Add a doc to describe the benchmark dashboard (#6947) This commit adds a doc to explain the benchmark philosophy and the model benchmark specification used in the benchmark suite and dashboard.

commit: 664005aa366d81235d8886e3de24773932e086ed [log] [tgz]
author: Lei Zhang <antiagainst@google.com> Fri Sep 10 13:38:53 2021 -0400
committer: GitHub <noreply@github.com> Fri Sep 10 10:38:53 2021 -0700
tree: 54abe52626e60b2f1a3240e801dcfe9970dbc191
parent: 2ea4fe0bc3f373bdd1c8d6df3b757262ee30077a [diff]
diff --git a/benchmarks/dashboard.md b/benchmarks/dashboard.md
new file mode 100644
index 0000000..4b096a0
--- /dev/null
+++ b/benchmarks/dashboard.md

@@ -0,0 +1,145 @@
+# IREE Performance Dashboard
+
+This documentation explains IREE's performance dashboard (https://perf.iree.dev).
+A [Buildkite pipeline](https://buildkite.com/iree/iree-benchmark) runs on each
+commit to the `main` branch and posts those results to the dashboard.
+
+## Benchmarking philosophy
+
+Benchmarking and interpreting results properly is a delicate task. We can record
+metrics from various parts of a system, but depending on what we are trying to
+evaluate, those numbers may or may not be relevant. For example, for somebody
+working solely on better kernel code generation, the end-to-end model reference
+latency is unlikely meaningful given it also includes runtime overhead.
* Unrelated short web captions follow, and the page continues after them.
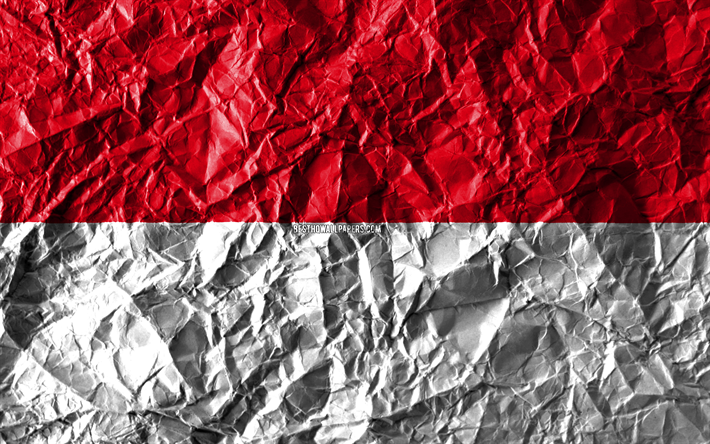 Indonesian flag, 4k, crumpled paper, Asian countries, creative, Flag of Indonesia, national symbols, Asia, Indonesia 3D flag, Indonesia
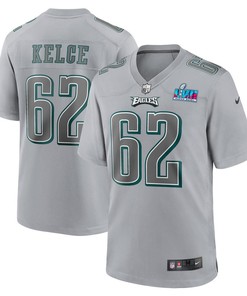 Jason Kelce 62 Philadelphia Eagles Youth Super Bowl LVII Patch Atmosphere Fashion Game Jersey - Gray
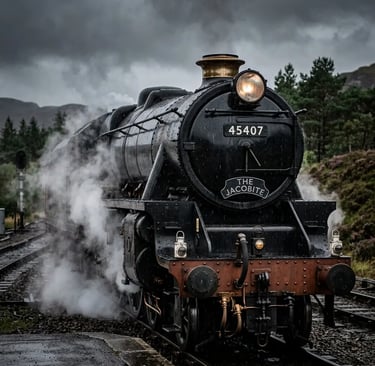 Close-up of Jacobite Steam Train locomotive 45407 with steam and rain on moody Highland day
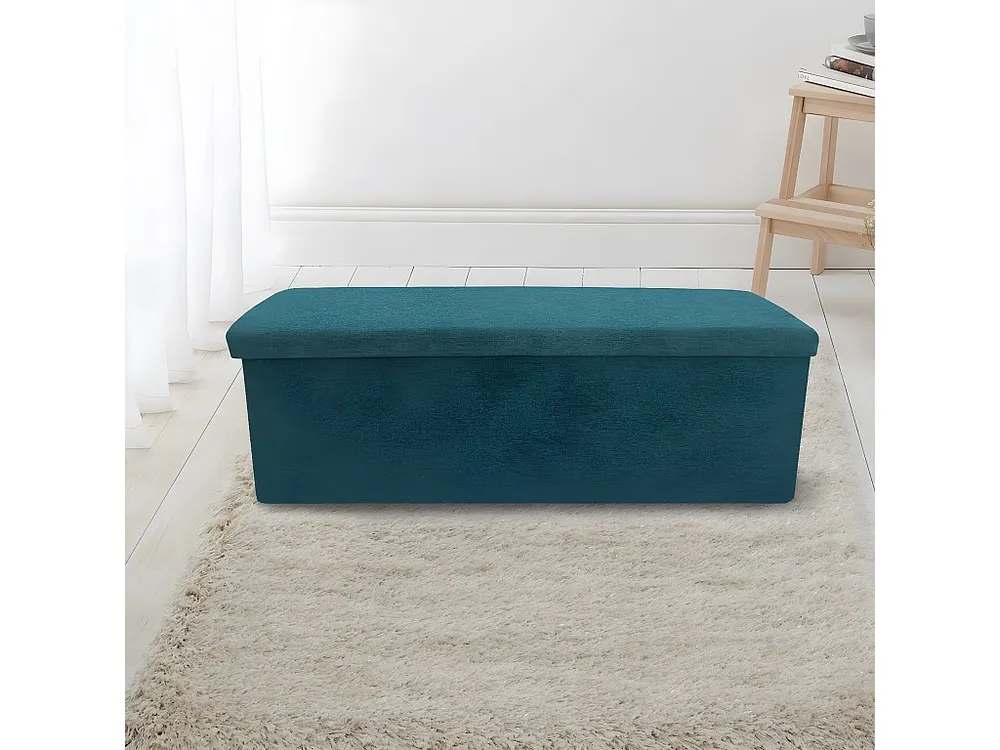 Móvel para Console Rebecca Mobili Assento Otomano Dobrável Azul Visível 38x110x38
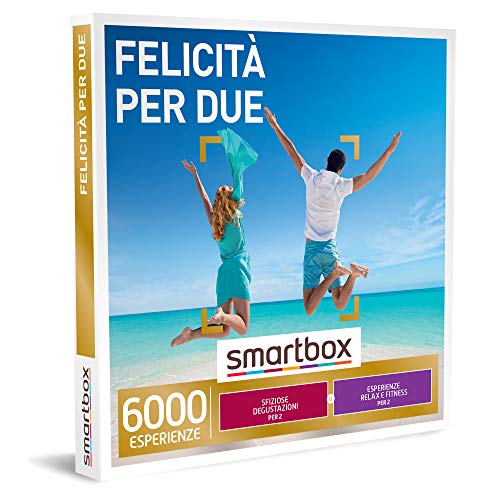 smartbox - Cofanetto Regalo Felicità per Due - Idea Regalo per la Coppia - Una degustazione o Una Pausa Relax o un'attività Fitness per 2 Persone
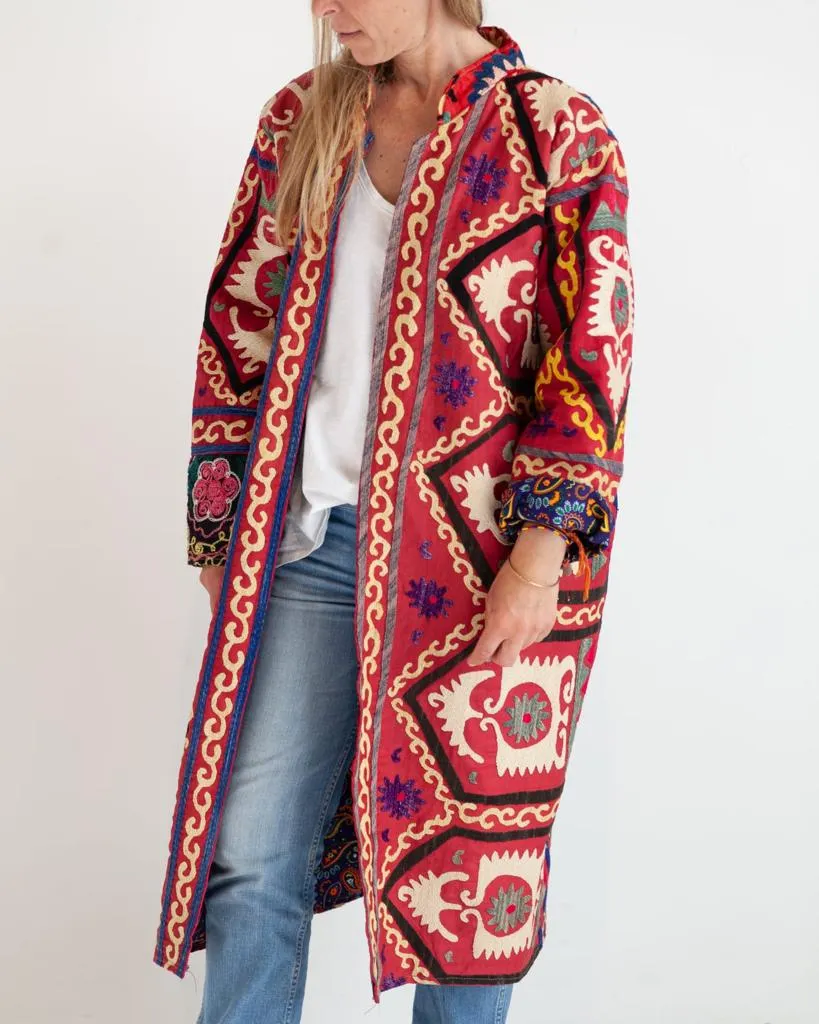 Suzani vintage long kimono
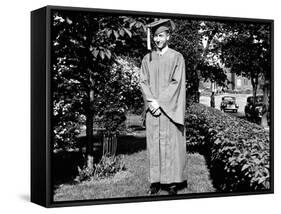 High School Grad Poses in His Cap and Gown, Ca. 1944-null-Framed Stretched Canvas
The
+environment could also vary per benchmark run in uncontrollable ways, causing
+instability in the results. This is especially true for mobile and embedded
+systems, where a tight compromise between performance and thermal/battery limits
+is made. Too many aspects can affect the benchmarking results. So before going
+into details, it's worth nothing the general guideline to IREE benchmarking as
+context.
+
+The overarching goal for benchmarking here is to track IREE's performance
+progress and guard against regression. So the benchmarks are meant to understand
+the performance of IREE _itself_, not the absolute capability of the exercised
+hardware. In order to fulfill the above goal, we have the following guidelines
+for benchmarking:
+
+* We choose representative real-world models with varying characteristics.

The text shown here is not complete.